● **The task**
In the entries that follow, the lines from the line containing "Forest Path Shadows by Corné Akkers" up to and including the line containing "Solislaan 67 Capelle" must be copied exactly, with pictures omitted.

● **Task inputs**
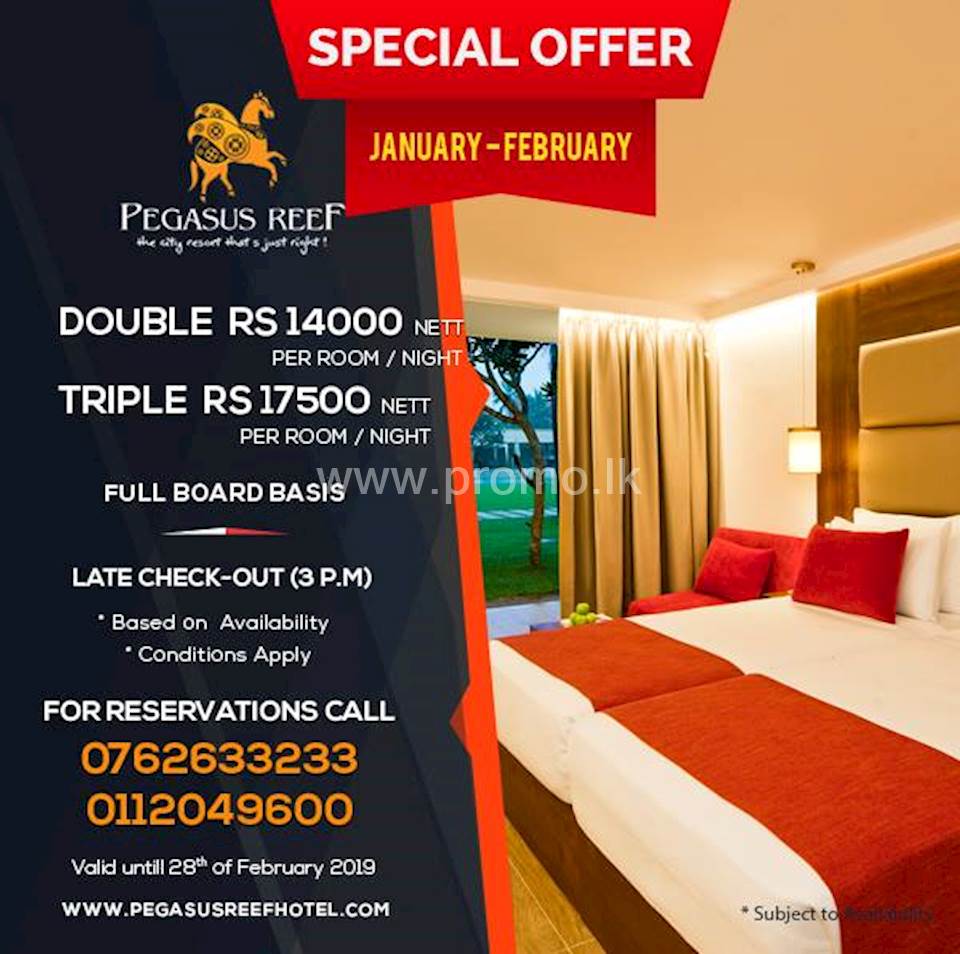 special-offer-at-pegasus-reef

--

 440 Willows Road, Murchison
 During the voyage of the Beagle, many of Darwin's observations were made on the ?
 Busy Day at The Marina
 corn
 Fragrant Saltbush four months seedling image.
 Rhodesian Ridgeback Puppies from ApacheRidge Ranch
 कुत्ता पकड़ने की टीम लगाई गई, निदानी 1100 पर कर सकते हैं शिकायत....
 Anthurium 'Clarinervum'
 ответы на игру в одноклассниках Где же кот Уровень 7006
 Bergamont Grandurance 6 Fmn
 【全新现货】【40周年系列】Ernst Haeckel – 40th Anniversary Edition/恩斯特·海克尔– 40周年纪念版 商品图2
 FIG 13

...

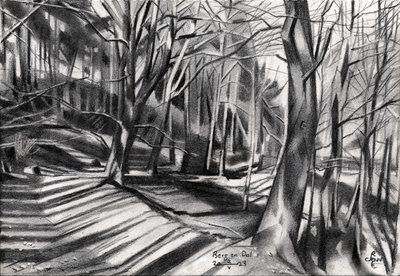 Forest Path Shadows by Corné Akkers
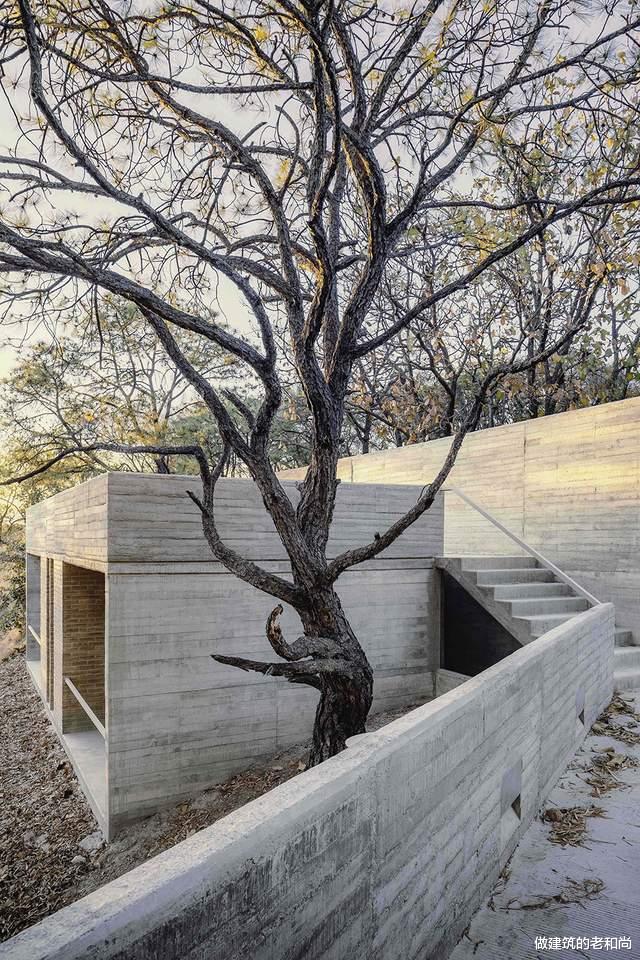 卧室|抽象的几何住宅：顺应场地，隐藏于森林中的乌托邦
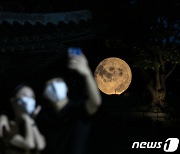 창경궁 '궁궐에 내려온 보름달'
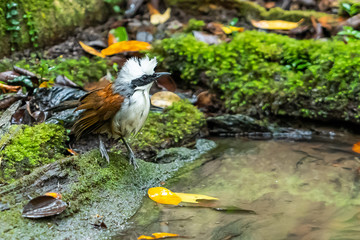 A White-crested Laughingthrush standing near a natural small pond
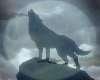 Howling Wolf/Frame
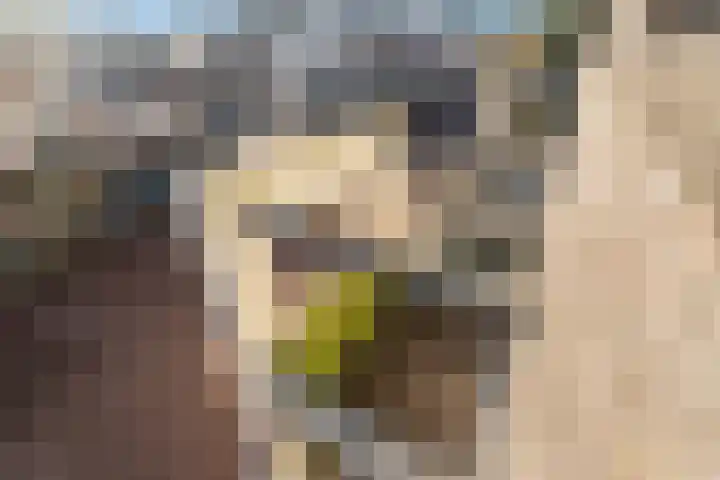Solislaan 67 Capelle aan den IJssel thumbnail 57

● **Solution to this exercise**
 Forest Path Shadows by Corné Akkers
 卧室|抽象的几何住宅：顺应场地，隐藏于森林中的乌托邦
 창경궁 '궁궐에 내려온 보름달'
 A White-crested Laughingthrush standing near a natural small pond
 Howling Wolf/Frame
Solislaan 67 Capelle aan den IJssel thumbnail 57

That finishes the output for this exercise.